The Campbell Plaintiffs include four individuals and 10 community-based organizational plaintiffs: Black Lives Matter Chicago, Chicago Urban League, Blocks Together, Brighton Park Neighborhood Council, Justice for Families – Black Lives Matter Chicago, Network 49, Women’s All Points Bulletin, 411 Movement for Pierre Loury, and the West Side Branch and Illinois State Conference of the NAACP.
The Chicago Police Department’s brutality ruins the lives it doesn’t end. I was beaten and falsely charged with crimes I did not commit for no other reason other than I’m Black and spoke out against police brutality. But I survived my encounter with CPD, unlike so many others. And I’m bringing this lawsuit to help stop police brutality in Chicago for once and for all.

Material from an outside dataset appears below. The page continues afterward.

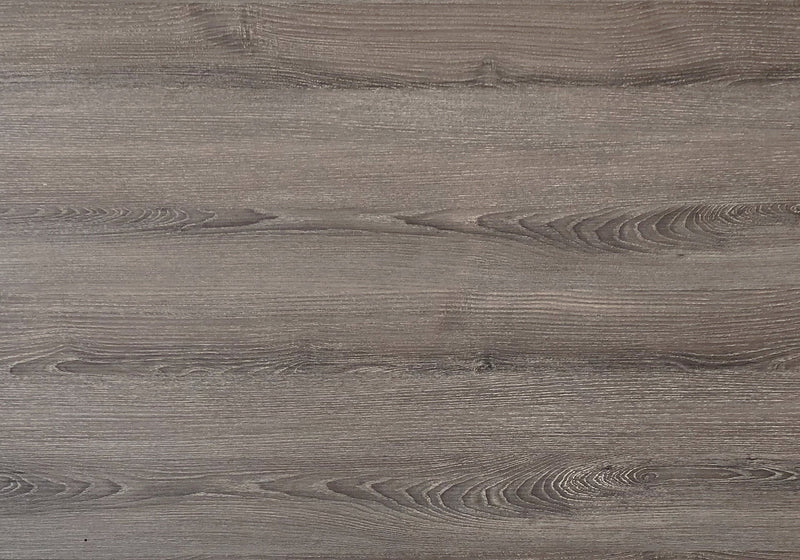 Dark Taupe Chrome Metal Accent Table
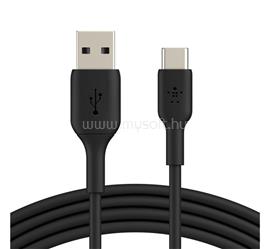 BELKIN BOOSTCHARGE adatkábel USB - Type-C, 15cm, FEKETE CAB001BT0MBK small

A coalition of community organizations and activists asked a federal court to intervene and force the City of Chicago to address the systemic abuse of unlawful warrants and home raids. This request marks the very first time that the court has been asked to enforce the 2019 consent decree meant to guide reform of the City’s police department.
In a letter to the City, the Coalition described numerous home-raid related Consent Decree violations – including a pattern of raids involving excessive force, traumatization, and abuse of women, children and families, and a failure to properly supervise and hold officers accountable. The Coalition requested a meeting with the City, independent monitor, and the Illinois Attorney General. Weeks later, the Illinois Attorney General also urged the City to work with the Coalition on the issues of home raids. The City refused to respond.
A brief was filed in opposition to the Fraternal Order of Police (FOP)’s request for more time to implement consent decree provisions regarding police officers’ pointing of their firearms at citizens.
The community-driven coalition released their comments focused on systemic policy reforms of CPD and the City’s 911 operations to prevent excessive force against Black and Latino Chicagoans and people with disabilities. The coalition emphasized guaranteeing the enforceability and transparency of reform, diverting people—including people with disabilities– away from the criminal justice system and ensuring that whenever possible, police eliminate the need for force, including in schools.
The Campbell v. City of Chicago groups identify ten demands that must be reflected in the final consent decree. That document can be read here.
After reaching an unprecedented agreement with the Illinois Attorney General and Chicago Mayor, the community coalition has released the Community Consent Decree, addressing almost every aspect of CPD operations—including how the CPD interacts with Black and Brown communities, people with disabilities, young people, women and LGBTQI individuals.
The proposed decree also overhauls the accountability and disciplinary systems and describes new performance metrics for the evaluation of officers.
The Campbell community coalition, together with the community plaintiffs behind Communities United v. City of Chicago, filed by the ACLU of Illinois and Equip for Equality, reached an historic agreement with the City of Chicago and Illinois Attorney General. The agreement allows plaintiffs to monitor the consent decree currently being negotiated, and specifically gives those groups rights to enforce the forthcoming consent decree to reform the CPD.